_Work to be completed_
Would you output, exactly as written, the line with "Argola Aura | Moissanite" and all lines after it to the end of the data below, and no others?

***** Available data

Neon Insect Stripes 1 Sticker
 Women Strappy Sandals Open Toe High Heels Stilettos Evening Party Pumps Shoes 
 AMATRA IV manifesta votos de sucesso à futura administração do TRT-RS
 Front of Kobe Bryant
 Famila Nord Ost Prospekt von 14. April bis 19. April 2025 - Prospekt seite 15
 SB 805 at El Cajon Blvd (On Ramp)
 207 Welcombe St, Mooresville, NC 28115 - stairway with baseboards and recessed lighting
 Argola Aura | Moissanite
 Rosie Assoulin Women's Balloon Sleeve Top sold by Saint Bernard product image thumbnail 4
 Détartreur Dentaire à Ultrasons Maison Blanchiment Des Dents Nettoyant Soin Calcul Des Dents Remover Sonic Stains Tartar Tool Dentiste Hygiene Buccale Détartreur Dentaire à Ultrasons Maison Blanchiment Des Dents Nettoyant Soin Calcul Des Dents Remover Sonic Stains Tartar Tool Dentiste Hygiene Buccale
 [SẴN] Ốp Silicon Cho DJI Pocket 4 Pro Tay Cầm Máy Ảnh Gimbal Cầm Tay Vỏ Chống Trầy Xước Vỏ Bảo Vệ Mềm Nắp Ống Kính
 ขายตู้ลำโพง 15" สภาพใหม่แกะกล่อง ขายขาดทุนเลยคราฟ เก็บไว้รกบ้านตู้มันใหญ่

**********

_Exercise response_
 Argola Aura | Moissanite
 Rosie Assoulin Women's Balloon Sleeve Top sold by Saint Bernard product image thumbnail 4
 Détartreur Dentaire à Ultrasons Maison Blanchiment Des Dents Nettoyant Soin Calcul Des Dents Remover Sonic Stains Tartar Tool Dentiste Hygiene Buccale Détartreur Dentaire à Ultrasons Maison Blanchiment Des Dents Nettoyant Soin Calcul Des Dents Remover Sonic Stains Tartar Tool Dentiste Hygiene Buccale
 [SẴN] Ốp Silicon Cho DJI Pocket 4 Pro Tay Cầm Máy Ảnh Gimbal Cầm Tay Vỏ Chống Trầy Xước Vỏ Bảo Vệ Mềm Nắp Ống Kính
 ขายตู้ลำโพง 15" สภาพใหม่แกะกล่อง ขายขาดทุนเลยคราฟ เก็บไว้รกบ้านตู้มันใหญ่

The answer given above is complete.